- **Task brief**:
In the material below, the lines containing the word "with" are required; copy each of them.

- **Supplied material**:
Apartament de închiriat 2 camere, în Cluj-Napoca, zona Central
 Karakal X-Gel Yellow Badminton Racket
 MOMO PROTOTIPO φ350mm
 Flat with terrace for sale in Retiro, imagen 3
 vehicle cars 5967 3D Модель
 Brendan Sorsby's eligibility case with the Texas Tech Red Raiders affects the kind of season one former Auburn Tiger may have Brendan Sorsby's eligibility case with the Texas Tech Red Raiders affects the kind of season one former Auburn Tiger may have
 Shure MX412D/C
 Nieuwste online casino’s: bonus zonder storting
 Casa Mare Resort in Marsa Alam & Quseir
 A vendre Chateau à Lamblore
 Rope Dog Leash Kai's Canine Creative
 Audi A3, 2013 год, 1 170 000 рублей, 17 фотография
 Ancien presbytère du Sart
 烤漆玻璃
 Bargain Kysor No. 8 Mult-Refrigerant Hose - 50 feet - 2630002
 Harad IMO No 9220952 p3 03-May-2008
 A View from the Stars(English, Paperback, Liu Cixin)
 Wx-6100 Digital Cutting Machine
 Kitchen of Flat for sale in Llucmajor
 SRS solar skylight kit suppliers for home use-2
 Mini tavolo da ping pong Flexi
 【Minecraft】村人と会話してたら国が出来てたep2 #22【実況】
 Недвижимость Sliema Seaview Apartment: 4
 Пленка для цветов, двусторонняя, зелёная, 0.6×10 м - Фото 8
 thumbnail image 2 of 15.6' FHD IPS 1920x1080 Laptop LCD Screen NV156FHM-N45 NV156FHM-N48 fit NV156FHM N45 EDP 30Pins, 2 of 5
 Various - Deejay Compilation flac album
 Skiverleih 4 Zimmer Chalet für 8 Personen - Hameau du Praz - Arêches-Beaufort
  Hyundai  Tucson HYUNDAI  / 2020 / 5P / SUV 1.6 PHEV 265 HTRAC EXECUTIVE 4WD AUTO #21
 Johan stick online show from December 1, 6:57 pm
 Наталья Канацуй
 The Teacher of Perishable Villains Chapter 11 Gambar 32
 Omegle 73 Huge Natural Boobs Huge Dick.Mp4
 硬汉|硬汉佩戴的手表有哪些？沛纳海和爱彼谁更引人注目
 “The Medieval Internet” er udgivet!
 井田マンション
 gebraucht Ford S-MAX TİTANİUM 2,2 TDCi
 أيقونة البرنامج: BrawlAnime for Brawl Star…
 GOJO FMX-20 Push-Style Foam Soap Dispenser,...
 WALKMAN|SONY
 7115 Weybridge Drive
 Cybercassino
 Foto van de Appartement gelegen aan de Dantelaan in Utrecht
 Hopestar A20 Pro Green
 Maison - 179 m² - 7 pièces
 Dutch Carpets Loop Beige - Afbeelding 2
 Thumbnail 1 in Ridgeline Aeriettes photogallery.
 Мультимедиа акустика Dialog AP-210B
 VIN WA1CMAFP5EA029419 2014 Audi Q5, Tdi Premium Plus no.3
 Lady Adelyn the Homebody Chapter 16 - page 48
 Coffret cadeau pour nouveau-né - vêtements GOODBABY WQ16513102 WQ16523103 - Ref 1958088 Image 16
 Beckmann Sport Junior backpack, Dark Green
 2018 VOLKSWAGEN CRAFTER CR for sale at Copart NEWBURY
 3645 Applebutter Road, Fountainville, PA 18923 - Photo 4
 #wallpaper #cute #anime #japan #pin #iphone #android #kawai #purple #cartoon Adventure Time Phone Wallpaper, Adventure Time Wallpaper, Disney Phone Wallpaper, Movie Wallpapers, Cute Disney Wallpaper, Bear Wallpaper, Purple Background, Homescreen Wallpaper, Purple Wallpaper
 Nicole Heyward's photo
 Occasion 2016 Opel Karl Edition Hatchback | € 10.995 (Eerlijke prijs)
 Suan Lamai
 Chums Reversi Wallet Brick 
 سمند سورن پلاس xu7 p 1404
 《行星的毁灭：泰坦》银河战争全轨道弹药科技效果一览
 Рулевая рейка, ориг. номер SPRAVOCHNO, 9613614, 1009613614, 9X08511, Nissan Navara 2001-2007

- **Response for this exercise**:
 Flat with terrace for sale in Retiro, imagen 3
 Brendan Sorsby's eligibility case with the Texas Tech Red Raiders affects the kind of season one former Auburn Tiger may have Brendan Sorsby's eligibility case with the Texas Tech Red Raiders affects the kind of season one former Auburn Tiger may have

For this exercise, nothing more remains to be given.